Les premières sociétés andines ont basculé dans la violence sous l’effet du changement climatique
L‘augmentation des températures s’accompagne d’une augmentation de la violence. C’est du moins la conclusion à laquelle sont parvenus des chercheurs en étudiant la manière dont les anciennes cultures du centre-sud de la cordillère des Andes ont réagi au changement climatique il y a environ 1 000 ans. Il pourrait également s’agir d’une importante mise en garde.
Image d’entête : à leur apogée, les Wari (civilisation du Ve siècle des Andes du sud du Pérou actuel) honoraient leurs morts avec des enveloppes en tissu et des masques funéraires. (AP Photo/ Karel Navarro)
Hausse du niveau des mers, une troposphère en expansion, une augmentation de la propagation des moustiques porteurs de maladies, des saisons d’allergie encore plus rudes et des rythmes de sommeil perturbés. Comme si nous n’avions pas déjà assez à craindre du changement climatique, une nouvelle étude de l’Université de Californie à Davis (UC Davis/ États-Unis) indique que lorsque le climat s’est modifié entre l’an 470 et l’an 1500, la violence a augmenté parmi les populations du centre-sud des Andes. Si les mêmes tendances se confirment aujourd’hui, alors que le monde connaît des changements climatiques spectaculaires, des affrontements brutaux pourraient avoir lieu, à l’instar du film dystopique « Mad Max », sorti en 1979…
La cordillère des Andes à 35 000 pieds (10 600 m) d’altitude. (Wikimedia)
Pour parvenir à cette conclusion, les chercheurs de l’UC Davis ont étudié les données issues de l’examen de 2 753 fractures de crânes provenant de restes humains récoltés sur 58 sites archéologiques. Ils ont ensuite utilisé les archives de l’état de la glace de la calotte glaciaire de Quelccaya, situé dans les actuels Chili, Pérou et Bolivie, pour cartographier le climat. Ils ont constaté que pour chaque diminution de 10 cm de l’accumulation annuelle de glace causée par l’augmentation des températures de ce que l’on appelle l’optimum climatique médiéval, le niveau de violence entre les personnes a plus que doublé. Ils ont conclu cela en se basant sur le nombre de blessures à la tête trouvées dans les archives fossiles, une mesure fréquemment utilisée par les archéologues pour étudier la violence culturelle.
Les Andes centrales du sud et les sites inclus dans cette étude. Les courbes de niveau sont présentes à 500 m d’altitude et à 3000 m d’altitude, définissant les échantillons côtiers, de moyenne altitude et de haute montagne (U.S. Geological Survey / Université de Californie à Davis)

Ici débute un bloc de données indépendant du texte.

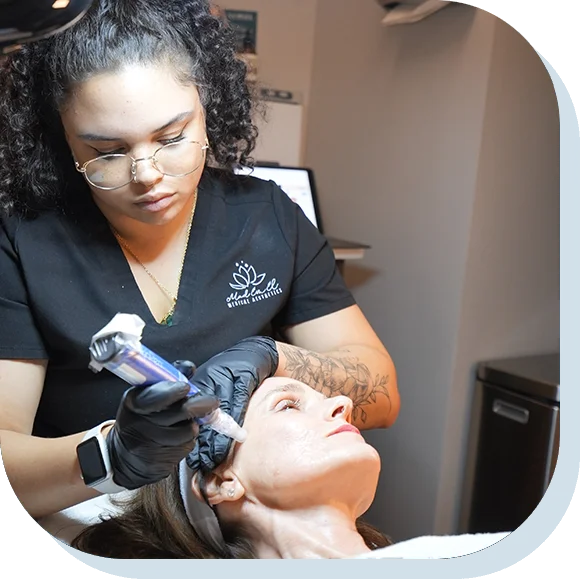 Microneedling-Service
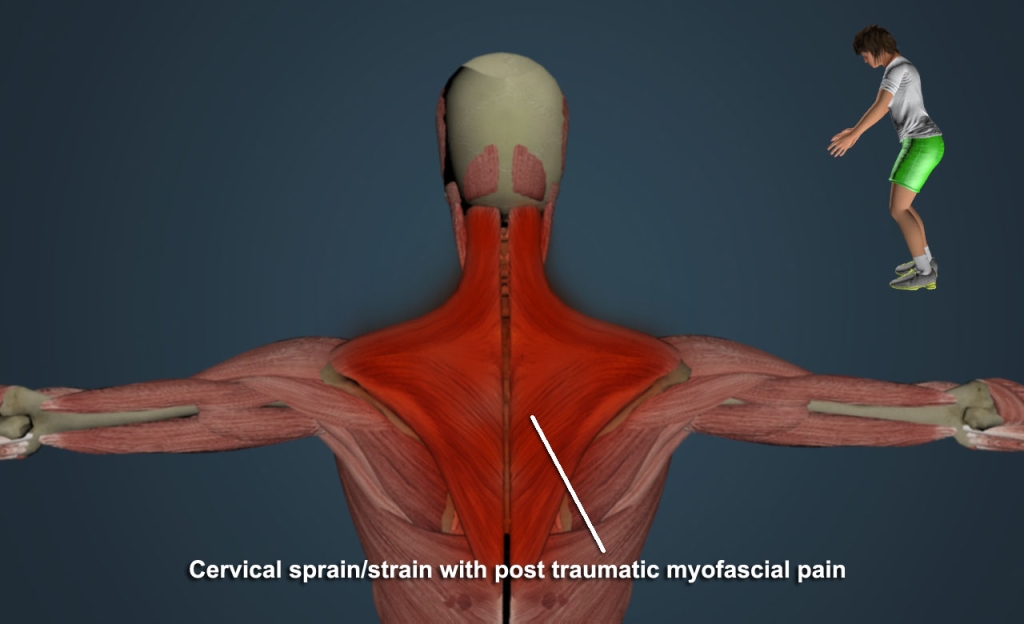 InjuryBack1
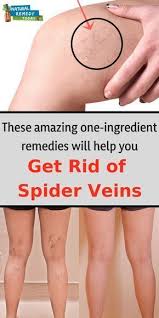 Pin By Stephanie Stokes On Diy Projects In 2020 Get Rid Of Spider Veins Spider Veins Spider Vein Remedies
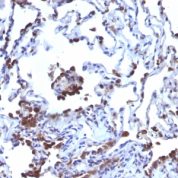 CD63 Antibody Clone NKI/C3 LAMP3/968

Il est intéressant de noter que l’augmentation de la violence, qui pourrait avoir été causée non seulement par l’augmentation des températures, mais aussi par une diminution des précipitations due à la modification des conditions météorologiques, n’a été observée que dans les communautés vivant sur les hauts plateaux andins. La même tendance n’a pas été observée dans les communautés vivant à moyenne altitude et dans les zones côtières, ce qui a conduit les chercheurs à émettre l’hypothèse que les conditions de sécheresse n’affectaient que les zones les plus élevées ou que les communautés vivant plus bas dans les montagnes avaient trouvé des solutions pacifiques au changement climatique.
Selon les chercheurs :
Cette disparité résulte probablement de stratégies économiques et sociopolitiques variables selon l’altitude. L’échec de l’agriculture pluviale pendant les périodes de sécheresse et la dissolution concomitante des politiques d’organisation ont probablement prédisposé les populations des hautes terres au stress socio-économique et à la concurrence violente pour des ressources limitées. À l’inverse, la diversité des économies des basses et moyennes terres a pu atténuer les effets de la sécheresse.
L’étude publiée dans la revue Quaternary Research : Climate change intensified violence in the south-central Andean highlands from 1.5 to 0.5 ka et présentée sur le site de l’Université de Californie à Davis : Climate Change Likely Led to Violence in Early Andean Populations.